That lot went towards the deposit for a new house after a divorce left me with custody of my clothes and our debts.  :) That probably explains my interest in a lot of what appears in this thread. God knows quite why I ended up modelling Leeds trams when I dipped my toe back in but that's what I ended up doing. Now some think they're hard done to if XYZ hasn't made their favourite loco in the required livery, I didn't even have the option of kits as quite simply they weren't available, so I pretty much ended up doing all my own stuff with a fair number of the required stock being produced by myself and a friend as 3d prints, quite simply it was an option that worked for us. A fellow RMweber who I've ended up very friendly with has produced a range of bespoke transfers so we can get it 'more right'. The simple reason for all this perverse endeavour is because we both like building things, I know my efforts aren't a patch on what could be produced but quite simply it won't ever be done, and again I have the enjoyment of building it and saying 'I built that'.

 

Neither of us are 'geriatric' in fact half of the interest is researching the stuff in the first place, so perhaps the era of the kit manufacturer may possibly drawing to a close due to less demand and ready to run duplication perhaps we are entering an era where more people can say 'I want that' and actually be able to produce it for themselves with small additional add on sales to others interested?

 

I know there are a fair few in the 'younger generations' who actually think that way, my next planned layout was a section of the Grimsby and District light railway with the Grimsby and Immingham tramway running alongside, to that end the CAD for three of the of G&I cars has been done and printed.

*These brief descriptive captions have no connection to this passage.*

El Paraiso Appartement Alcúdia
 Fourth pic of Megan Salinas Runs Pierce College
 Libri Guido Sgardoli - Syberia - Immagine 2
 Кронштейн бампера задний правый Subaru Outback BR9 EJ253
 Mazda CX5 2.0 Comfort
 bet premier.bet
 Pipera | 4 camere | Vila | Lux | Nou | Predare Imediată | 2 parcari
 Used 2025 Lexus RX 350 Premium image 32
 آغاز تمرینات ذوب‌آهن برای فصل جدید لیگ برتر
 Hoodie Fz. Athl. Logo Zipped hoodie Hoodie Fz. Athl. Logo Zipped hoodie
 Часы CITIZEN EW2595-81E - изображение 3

I recently had an email conversation with a guy in this 20/30s about this, he fancied doing something similar,his comments? 'I want to build something that you don't see announced at Warley when you're halfway through it'. 

 

Anyway enough of my thoughts, a couple of pictures to show that for some 3d printing may be one way forward.....it's just another tool in the toolbox as far as I'm concerned.

 

A pair of Leeds Pivotal Cars, bodies 3d printed in plastic, trucksides 3d printed in wax then lost wax casting in brass, rest built from various bits and pieces, painted by me with bespoke Leeds adverts from Purpledoor of this parish.

 

attachicon.gifpivs.jpg

 

Now back to a succession of east coast power please!

Superb and a very evocative scene.  May I ask what street is depicted?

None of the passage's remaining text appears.